:: PROVIDED RECORDS ::
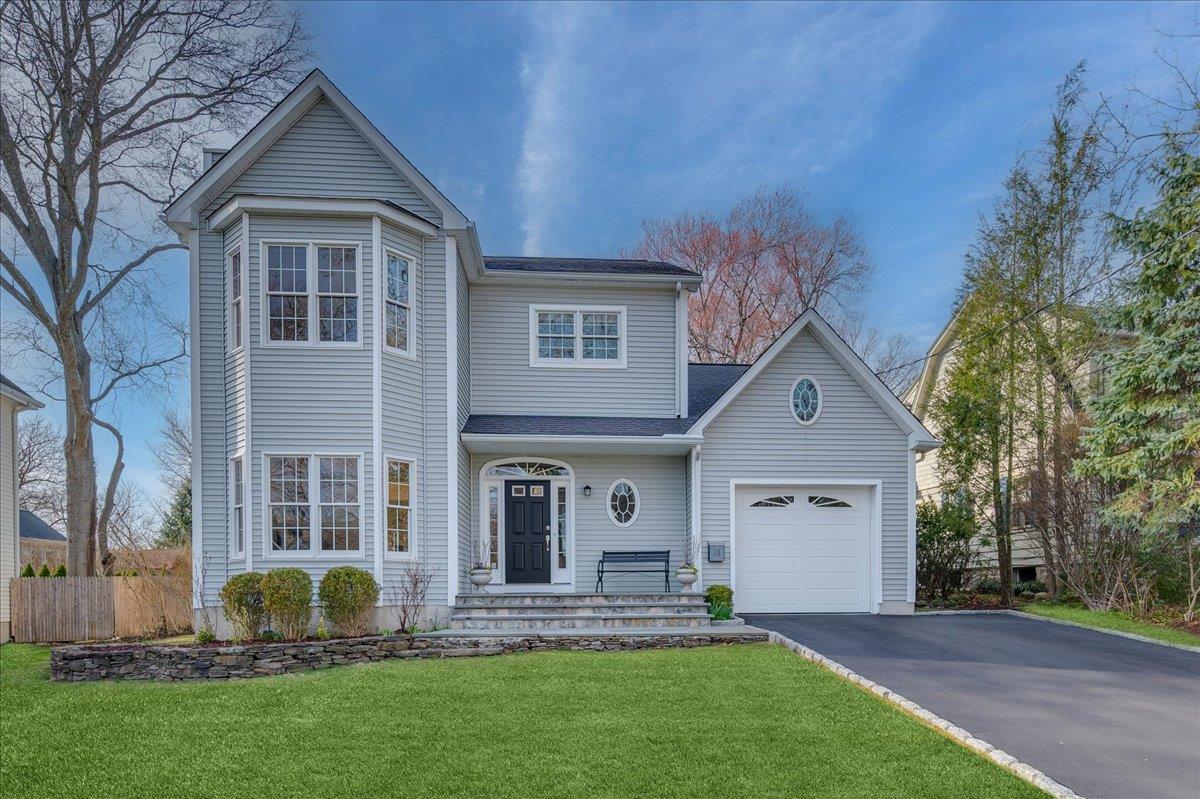 Walker Avenue, Rye, New York - 3 Bedrooms  
3 Bathrooms  
8 Rooms - 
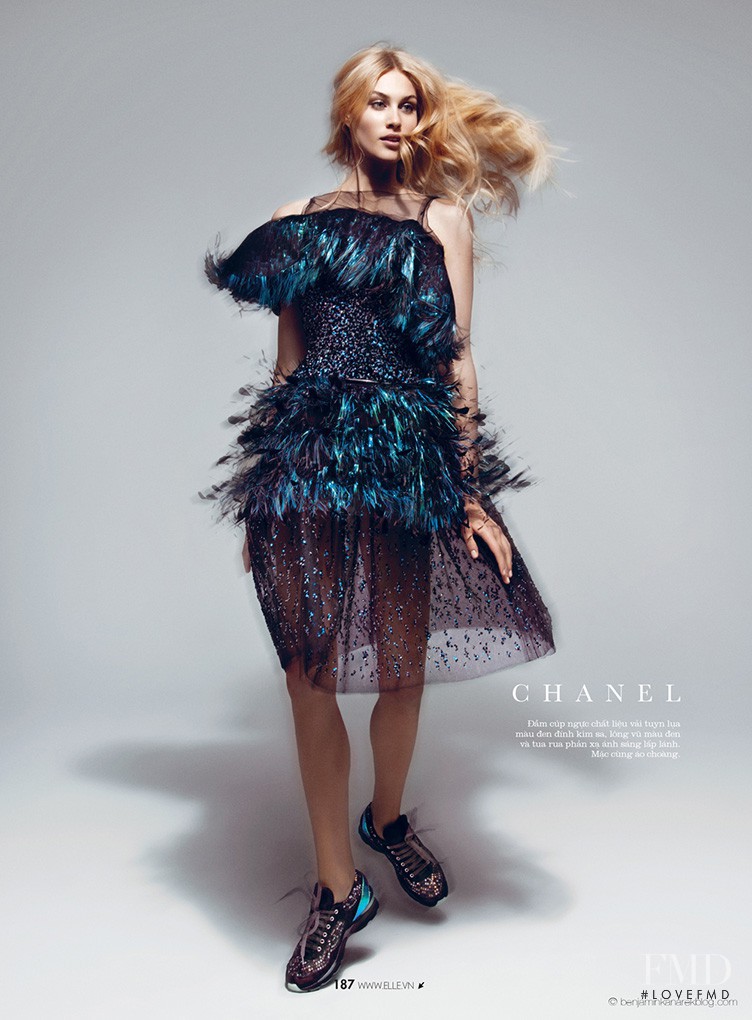 Dauphine McKee featured in The Art Of Haute Couture, April 2014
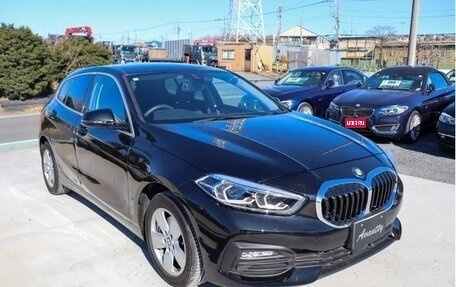 BMW 1 серия, 2022 год, 1 230 000 рублей, 1 фотография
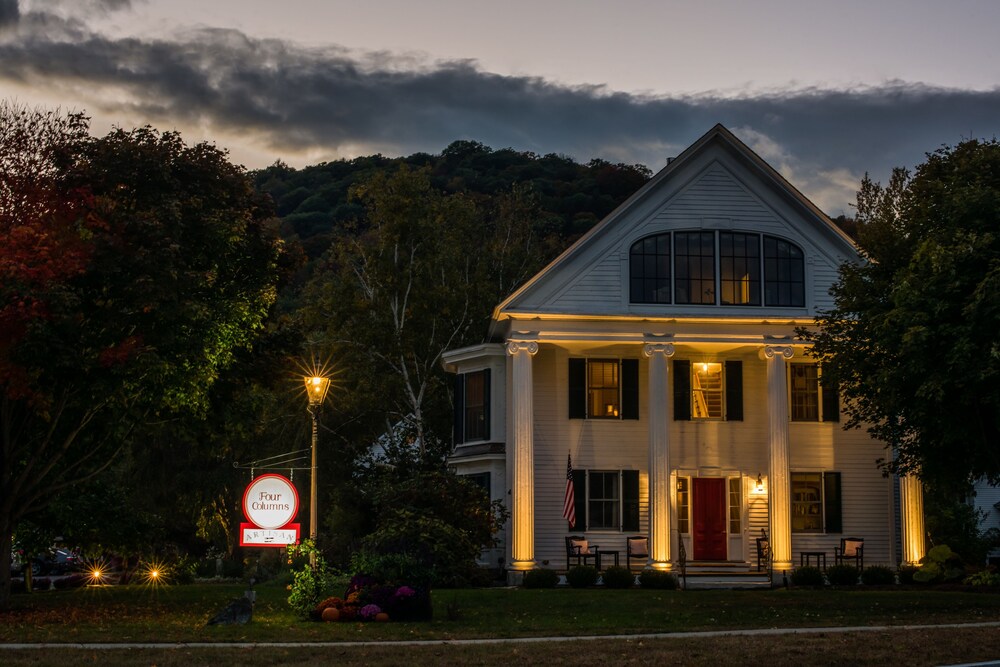 Facciata hotel (sera/notte)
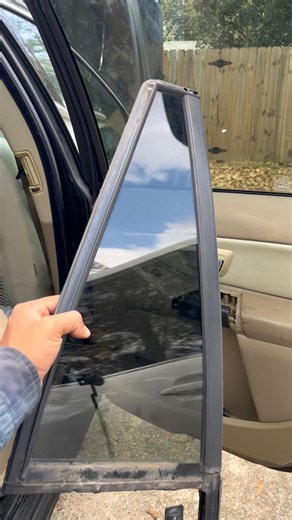 2007 Volvo XC90 Small Rear Window Replacement #automobile #mechanic #volvo #diy #carparts #carrepair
:::
• [WHAT TO PRODUCE]: What you should repeat exactly is the run of lines from the top of the listing above through the line with "Facciata hotel (sera/notte)", without pictures.

• [WRITTEN RESPONSE]:
 Walker Avenue, Rye, New York - 3 Bedrooms  
3 Bathrooms  
8 Rooms - 
 Dauphine McKee featured in The Art Of Haute Couture, April 2014
 BMW 1 серия, 2022 год, 1 230 000 рублей, 1 фотография
 Facciata hotel (sera/notte)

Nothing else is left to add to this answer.